Aside: I've always thought it would be cool to have a parser construction kit, where you can reference productions in other grammars to build e.g. a native SVG parser rather than an SVG schema that operated over the output of a native XML parser. I'd hoped to prototype that in the yacker a couple decades ago, but never got to it.

KOLANICH commented 3 years ago

I don't quite understand what you meant in the beginning of the text. I am not very familiar to RDF and shex, but according to what I have read it seems like it is a kind of language for logic programming for creating databases of facts. I haven't got the teminology used there.

I think you mean either a meta language that can be translated into an FSS, or an anointed FSS that can be translated to others. In either case, some formats will require additional constraints to e.g. decide between elements and attributes in XML. You may also want to capture graph references (href->id, IDREF->ID) in tree languages like XML or JSON.

I don't fully understand, what you mean, and taking into account

My py-fu is too weak for me to really interpret ownGrammarFormat as a grammar but I see little hints that give me some sense of what a BNF for the AS would look like.

, let me give you an example. UniGrammar is a transpilator for EBNF-like grammars for different parser gens. They are essentially the same for different parssrs gens, there are some nuances are different. UG has an own DSL for grammars. But for syntax we use YAML. Not quite YAML, JSON would fit too, since when YAML is parsed, it results into the same structure as JSON.

Here is the example:

prods:
  - id: a  # this production name is `a`
    ref: b  # terminal or nonterminal under name `b` is used
    min: 1  # one or more repetitions, in regexp syntax it is `+`
    cap: A  # make this element available in the parsed AST under the name `A`

This item is "flat", id and min and ref are siblings in YAML AST, which can look like the following in pseudocode:

Dictionary(elements=[
  DictElement(key=String("prods"), value=Array([
    Dictionary(elements=[
      DictElement(key=String("id"), value=String("a")),
      DictElement(key=String("ref"), value=String("b"))),
      DictElement(key=String("min"), value=Number(1)),
      DictElement(key=String("ref"), value=String("b"))),
    ]),
  ])
])

But our language AST should be the following:

Grammar(
  productions=Productions([
    Name("a",
      Cap("A",
        Iter(
          min = 1,
          child = Ref(child=<here reference/pointer to object with `id: b`>)
        )
    )
  ])
)

Here the types of nodes are not the same as in YAML AST. In YAML AST types of nodes say only about what is written in YAML. But in our AST types of nodes are semantical and domain-specific.
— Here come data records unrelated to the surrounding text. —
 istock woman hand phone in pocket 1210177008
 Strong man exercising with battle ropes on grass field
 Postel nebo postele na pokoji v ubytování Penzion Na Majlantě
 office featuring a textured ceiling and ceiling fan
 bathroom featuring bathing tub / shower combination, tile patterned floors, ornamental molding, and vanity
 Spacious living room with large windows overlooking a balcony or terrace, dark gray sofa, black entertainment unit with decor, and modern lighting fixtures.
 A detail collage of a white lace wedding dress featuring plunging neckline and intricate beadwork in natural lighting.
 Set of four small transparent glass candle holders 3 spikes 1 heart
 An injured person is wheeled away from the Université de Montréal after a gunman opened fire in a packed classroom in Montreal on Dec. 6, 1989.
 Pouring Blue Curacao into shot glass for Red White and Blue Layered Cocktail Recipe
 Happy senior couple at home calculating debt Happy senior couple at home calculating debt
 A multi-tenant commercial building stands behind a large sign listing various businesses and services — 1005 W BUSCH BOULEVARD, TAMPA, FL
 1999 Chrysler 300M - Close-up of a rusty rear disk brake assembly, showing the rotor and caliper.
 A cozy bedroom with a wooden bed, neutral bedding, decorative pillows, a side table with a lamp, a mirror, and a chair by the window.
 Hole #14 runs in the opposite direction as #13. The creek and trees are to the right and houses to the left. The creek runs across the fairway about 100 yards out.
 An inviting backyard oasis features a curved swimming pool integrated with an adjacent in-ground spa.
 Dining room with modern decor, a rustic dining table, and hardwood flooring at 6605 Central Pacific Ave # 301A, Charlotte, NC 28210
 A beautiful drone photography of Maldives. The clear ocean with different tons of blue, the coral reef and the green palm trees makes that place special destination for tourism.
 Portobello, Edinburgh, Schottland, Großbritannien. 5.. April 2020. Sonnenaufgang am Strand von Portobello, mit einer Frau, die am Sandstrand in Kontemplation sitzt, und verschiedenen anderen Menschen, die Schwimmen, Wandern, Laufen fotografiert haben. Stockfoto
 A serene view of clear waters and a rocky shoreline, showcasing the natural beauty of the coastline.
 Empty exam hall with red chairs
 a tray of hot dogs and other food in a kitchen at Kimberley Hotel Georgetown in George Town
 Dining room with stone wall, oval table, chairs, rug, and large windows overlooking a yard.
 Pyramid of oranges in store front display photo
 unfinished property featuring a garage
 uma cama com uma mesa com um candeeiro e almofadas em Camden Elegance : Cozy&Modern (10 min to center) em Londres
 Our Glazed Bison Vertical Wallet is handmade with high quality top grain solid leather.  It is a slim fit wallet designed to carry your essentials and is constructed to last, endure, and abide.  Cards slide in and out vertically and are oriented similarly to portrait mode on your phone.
The reference to b is recognized and searched in the index and populated. Also in YAML AST the nodes within the dict are at the same level, but in our AST there are multiple nested nodes. And the way they are nested cannot be changed, if one swaps nestedness, he will get nonsense. So the parser has correctly determined which syntactic features belong to which node and on which order they must be nested. In my handcoded parser it is done via a series of functions applied to each dict, and the order the functions are applied determines which type of node must be closer to the root of the YAML AST subtree.

But I don't like handcoded parsers, they are not easy to read and not easy to port.

Basically my grammar above YAML in natural language can be described as the following statements:

Basically the idea described in this issue is to have

YAML is just an example. JSON-like markup languages, such as MsgPack, CBOR, ubjson and rison, have almost (i.e. float and int instead of just Number) the same i.e. there may be multiple types for numbers) AST. For other langs, like csv, the similar logic applies.